A final rule from CMS makes no requirements for a pharmacist to be part of the dialysis team, creating concern among hospital pharmacists.
The Centers for Medicare & Medicaid Services has squelched hopes that pharmacists would be included in dialysis patient care teams. Final rules for the conditions of participation for end-stage renal disease facilities allow dialysis centers to use pharmacists, but CMS will neither require nor pay for pharmacist services in ESRD.
"The final rule puts pharmacy out the back door," said Alan Mutnick, director of clinical effectiveness, Mercy Health Partners, Cincinnati, Ohio. "It doesn't make sense, it is short sighted, and it can have less than ideal outcomes on patients due to the ongoing complications associated with medications."
Studies at Veterans Affairs have found that most dialysis patients are on multiple medications for multiple conditions, including cardiovascular disease, diabetes, and Parkinson's. Nephrologists, dialysis nurses, and other nonpharmacists are less likely to focus attention on these complex comorbidities and their impact on drug-drug interactions, drug-disease states, and the like. That is why the VA requires a pharmacist on dialysis patient care teams, Mutnick said. He added that nonpharmacists may also lack the training to monitor many dialysis-related medications such as erythropoiesis-stimulating agents. "All the erythropoietin in the world does no good for anemia if we don't monitor the patient and give appropriate iron supplementation," he pointed out.

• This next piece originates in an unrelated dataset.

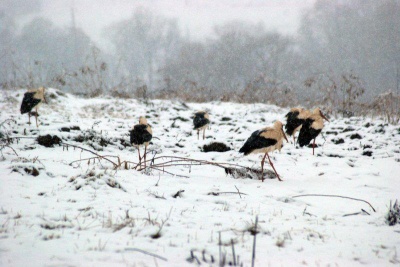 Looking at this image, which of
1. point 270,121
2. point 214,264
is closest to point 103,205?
point 214,264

"Pharmacists are the only healthcare professionals trained to catch these problems," she said. "We also provide valuable input into policies and procedures and we are already trained to navigate Part D. Dialysis providers and CMS are looking at the upfront costs. They are ignoring the overall costs of care and patient outcomes."
CMS has been considering the final rule since soliciting public comment on a proposed rule in early 2005. Under the old rules, CMS certified dialysis centers using process-oriented measures. The new rule focuses on patient outcomes, quality assessment, performance improvement, and cost.
While more than 40 pharmacists, pharmacy organizations, and other health professionals supported the role of R.Ph.s on the patient care team, several commenters objected. According to CMS commentary in the final rule, pharmacists focused on quality of care and objectors focused on dollars. "The main concern from dialysis providers stemmed from the potential cost of adding another professional to the care team," St. Peter said. "It was disappointing to pharmacists who work in nephrology."
One commenter noted that at an average annual salary of $73,000, pharmacist services would be cost-prohibitive for the 1,200 dialysis facilities in his organization. Another commenter noted that since Medicare does not cover the cost of pharmaceuticals and treatment, adding a pharmacist to the care team would be fiscally unrealistic. Several commenters noted that pharmacist participation is desirable, but would not be practical in the absence of Medicare funding.
"The end result is that CMS focused on the dollars involved, not on patient care and outcomes," Mutnick said. "We are increasing the vulnerability of dialysis patients with this rule, not improving outcomes."
The final rule, published in the Federal Register on April 15, takes effect on Oct. 14. Mutnick suggested a letter-writing campaign targeting Congress and CMS. A strong showing of support from other healthcare professionals could be more effective at changing minds than more comments from pharmacists, he added. St. Peter suggested additional studies to pinpoint improvements in patient outcomes associated with pharmacist participation. "The pieces are all there," she said, "but we need to draw in the lines to connect them to pharmacists."